A person with a new idea is a crank until the idea succeeds.
– Mark Twain
I’ve been trying to change my mind over the last couple day. Lifehacker posted a blurb on a report from Science Daily suggesting runners should drink water when they are thirsty.
This information probably didn’t blow your mind the way it did mine.
Let me explain.
For over nine years, I’ve been a distance runner. Since that comical first go when I was sure I’d make 2 miles to my last marathon, I’ve been amassing pieces of running knowledge and sharing them as I meet other runners:
- During morning runs, warm up with two easy miles and then stretch so as not to injure cold muscles and tendons.
- Your metabolism is spiking for the first 45 minutes to an hour after you run.
- About 20 minutes into a run is where the average person’s sugar supply is depleted and the fat burning process begins.
- If you wait until you’re thirsty to drink water, you’re probably already dehydrated.
These are the pieces of who I am as a runner. They represent the framework of knowledge I carry with me that let me know I have some idea of what I’m doing.
Except, as Science Daily seems dedicated to pointing out, I don’t know what I’m doing.
This is the battle in which I’ve been engaged.
I’ve been grieving an idea.
Though it’s painfully simple – one sentence long – my flow chart of running is built around such conditional statements. If this is wrong, how do I know what is right?
I’ll be fine on the running front, I know.
I’ll do some research and figure out what makes the most sense.
It’s got me thinking, though, about what this means in the other systems in my life. I’ve started contemplating how receptive I am to new ideas and how receptive I expect others to be when I introduce a new idea or way of framing understanding.

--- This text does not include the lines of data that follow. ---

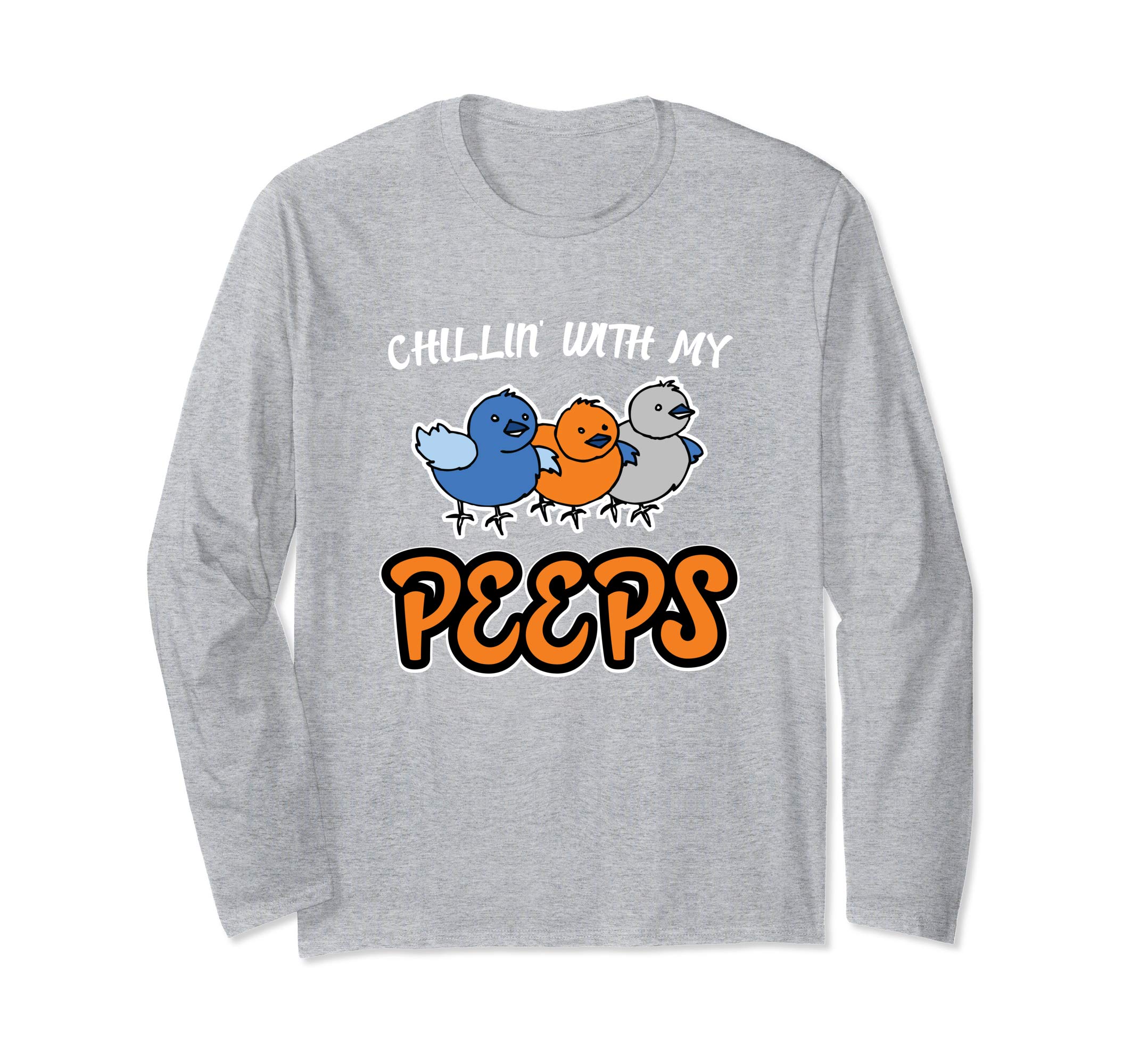 Chillin' With My Peeps Funny Friends Easter T Shirt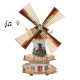 Holzerne windmuhle licht musik weiss
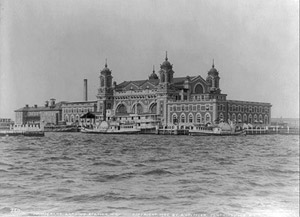 Charles Cuthill Dunbar, Bonnie's grandfather, first enters the United States through the receiving station at Ellis Island. 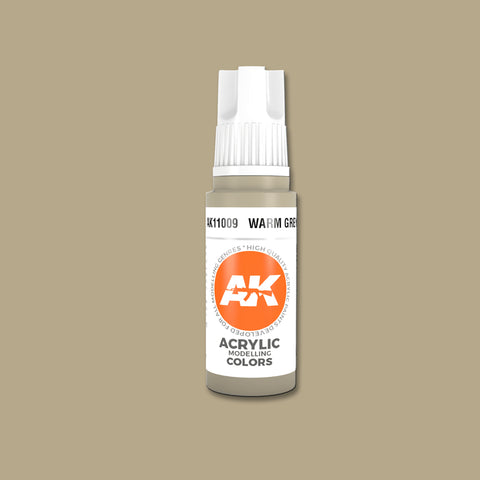 AKI Warm Grey 3G Acrylic Paint 17ml Bottle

New ideas aren’t easy. They require the shuffling around of the furniture in my head to make way for that new armoire. The thing is, collecting the new ideas requires losing some of the old ones. I can fit in the armoire, but I’ve got to lose the love seat.

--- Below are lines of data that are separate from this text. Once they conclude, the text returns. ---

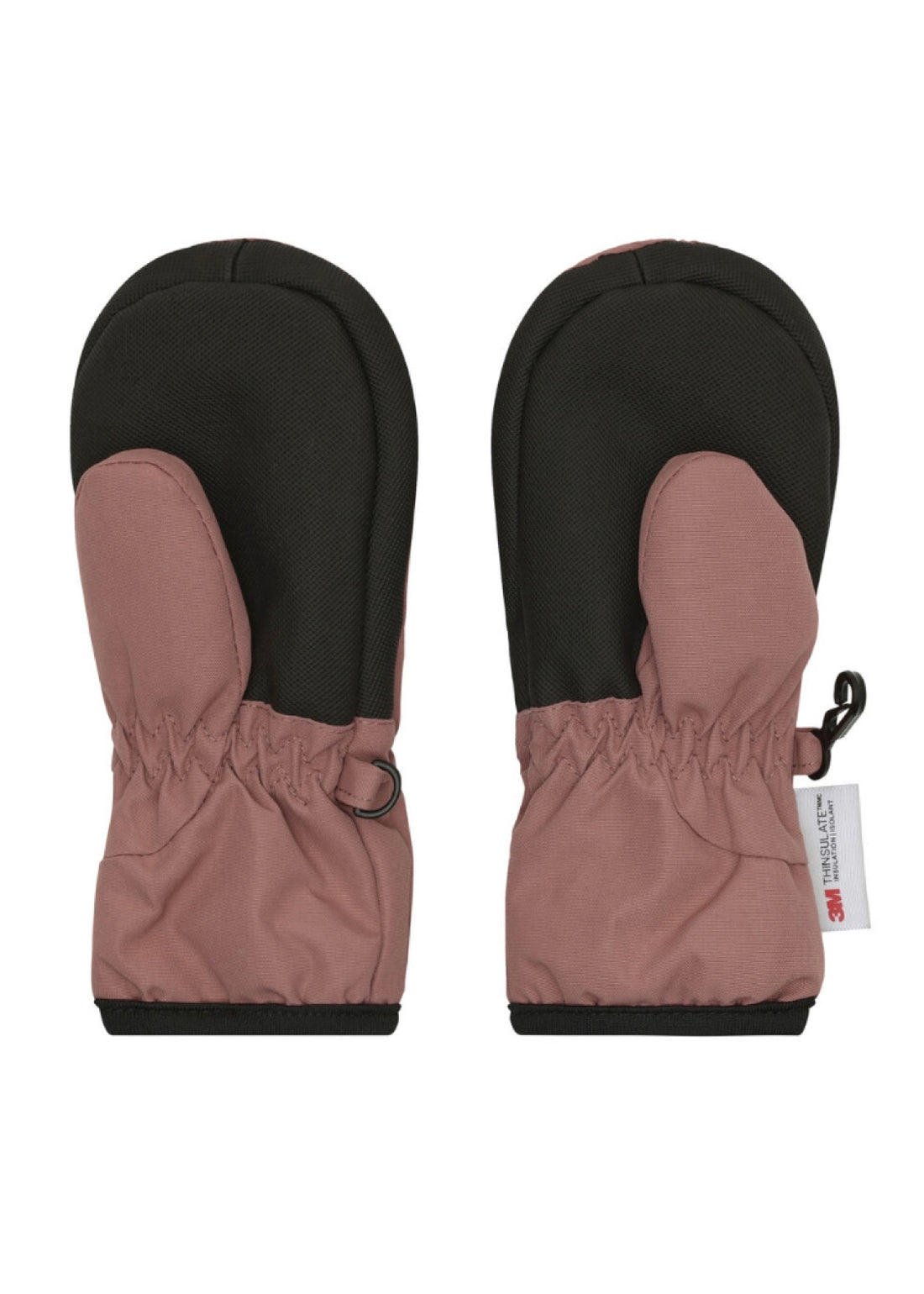 En Fant Mittens w. zipper Rose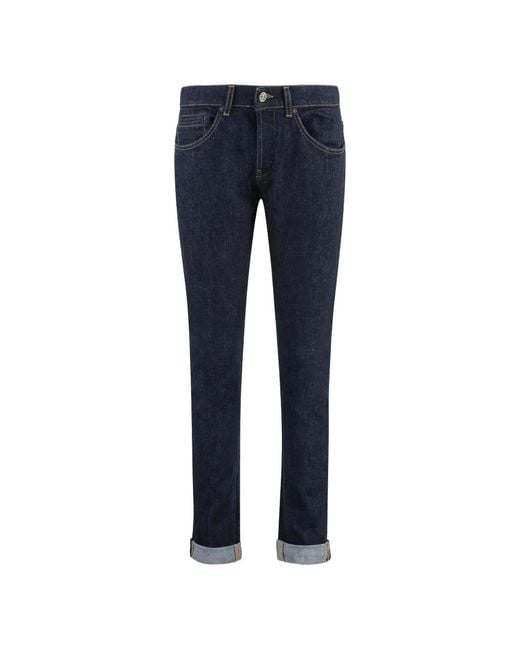 Dondup Blue Slim Fit Jeans for men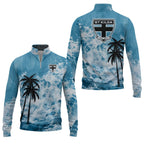 St Kilda Saints Quarter-zip Pullover SHW052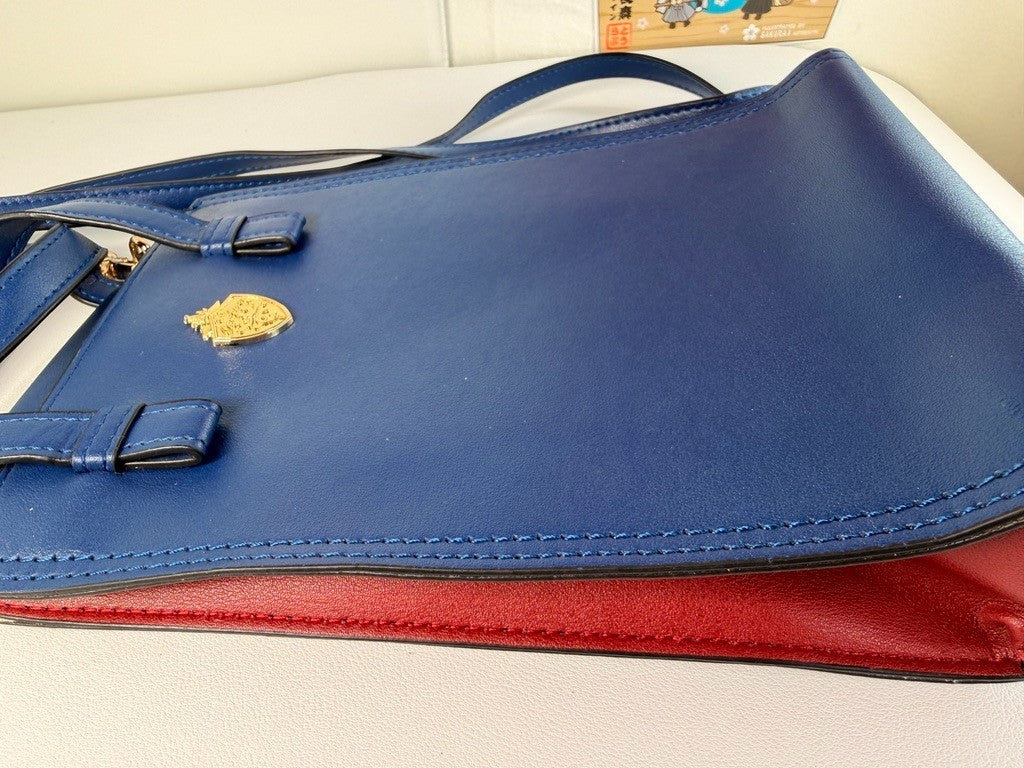 PREOWNED Twisted Wonderlandy Faux Leather Shoulder Bag Pomefiore Vil Epel Rook
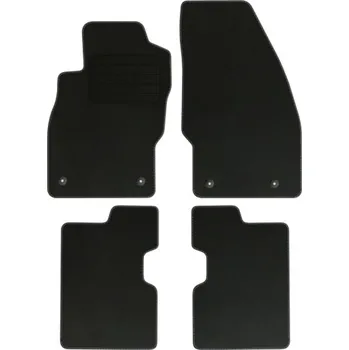 autokoberec Velurové autokoberce s upevněním v sadě Edecor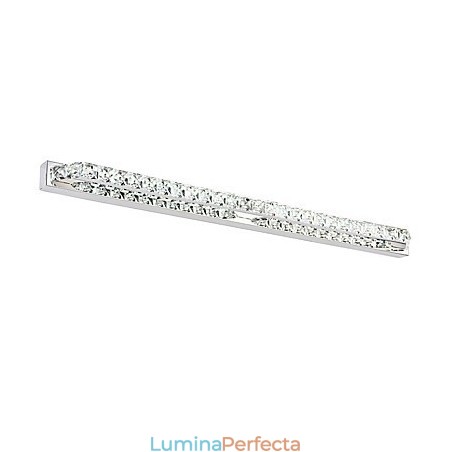 Lampă lungă cu oglindă de înaltă calitate, lumini pentru baie, lumini de perete din metal și cristal Lampă lungă cu oglindă de înaltă calitate, lumini pentru baie, lumini de perete din metal și cristal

And that’s the piece that’s probably been the most difficult in this instance. My best friend Katy, who taught me to run, educated me on when and when not to hydrate. That knowledge has emotional attachment.

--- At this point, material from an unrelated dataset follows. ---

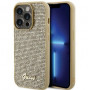 Guess GUHCP15LPMSDGSD Disco Metal Script pevné puzdro pre Apple iPhone 15 Pro, zlaté
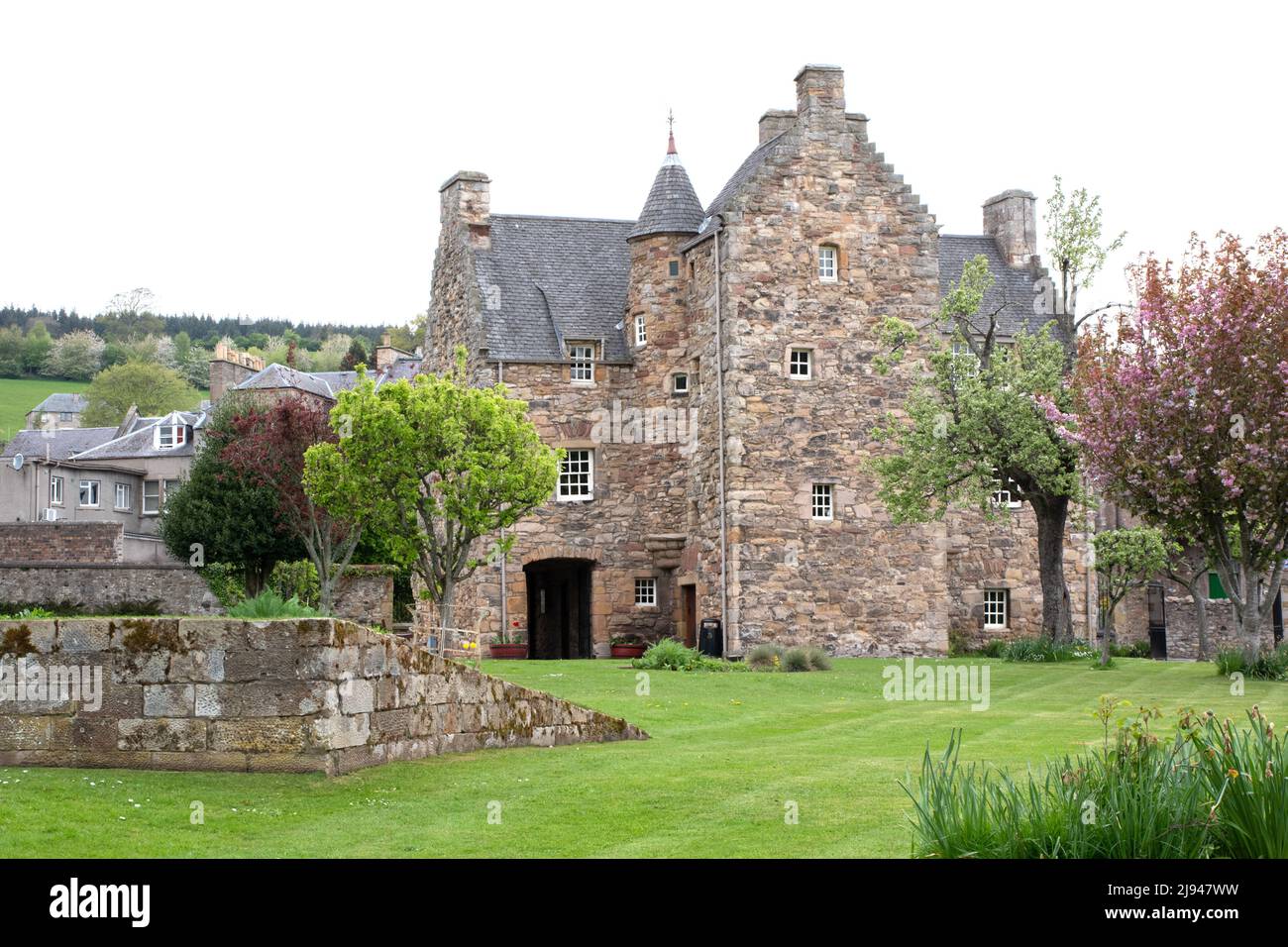 Mary Queen of Scots House Jedburgh Stock Photo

I frequently ran into this problem on the other side when I’d tell students they could begin a sentence with “because” or they should avoid starting sentences with “There is…” or “There are…” To me, I was building a framework to help them succeed. To them, I was asking them to donate most of their mental furniture to the infinite.
Learning is tricky stuff.
I’m going running later today. I’m seriously considering not drinking water until I’m thirsty. Is that crazy?
The frontier of knowing is an edge and I agree that when that edge gets disrupted by new ideas, resettling or retuning, can signal a rage of responses. Had never thought about it as rearranging the furniture in the room and what happens when the room is no longer adequate, let alone the sofa. Love that. Will play with a bit. I am taking an AI course and know there is something I need to learn about frontier, explored, and unexplored spaces. Not sure at the moment how this connects, but intuitively I know there's a theory lurking. Thanks:)
If receiving new ideas is like rearranging the furniture, then having kids of one's own is like…becoming homeless! Or at least like rearranging the furniture every week! I love the concept of knowledge having emotional attachments. It's SO true! I do believe that is why it is so hard to “try on” new ideas sometimes or “discard” ideas you were raised with in favor of something new. It feels like a betrayal of the person from whom those ideas were gleaned.There is also a direct correlation here to the difficulty involved in straying from old educational constructs or boxes (literally AND figuratively?). Lectures are ineffective, but they are comfy furniture.
I think the two classic examples of this in modern times are: 1) health information and 2) Pluto. We're so used to discovering that what we thought was healthy turns out to be dangerous and vice versa that it's almost a joke. And Pluto seems so counterintuitive that it raises a layer of distance and distrust between the people and the experts. This is one reason I enjoy teaching philosophy. It's an opportunity to get people to think about their standards and whom they trust. It also asks us to think about how comfortable we are with uncertainty and doubt. Even though I've been calling myself a Deweyan pragmatist for over a decade, it is still hard to put that into practice. (You should see me try to talk myself into believing that a favorite athlete is actually not performing all that badly.)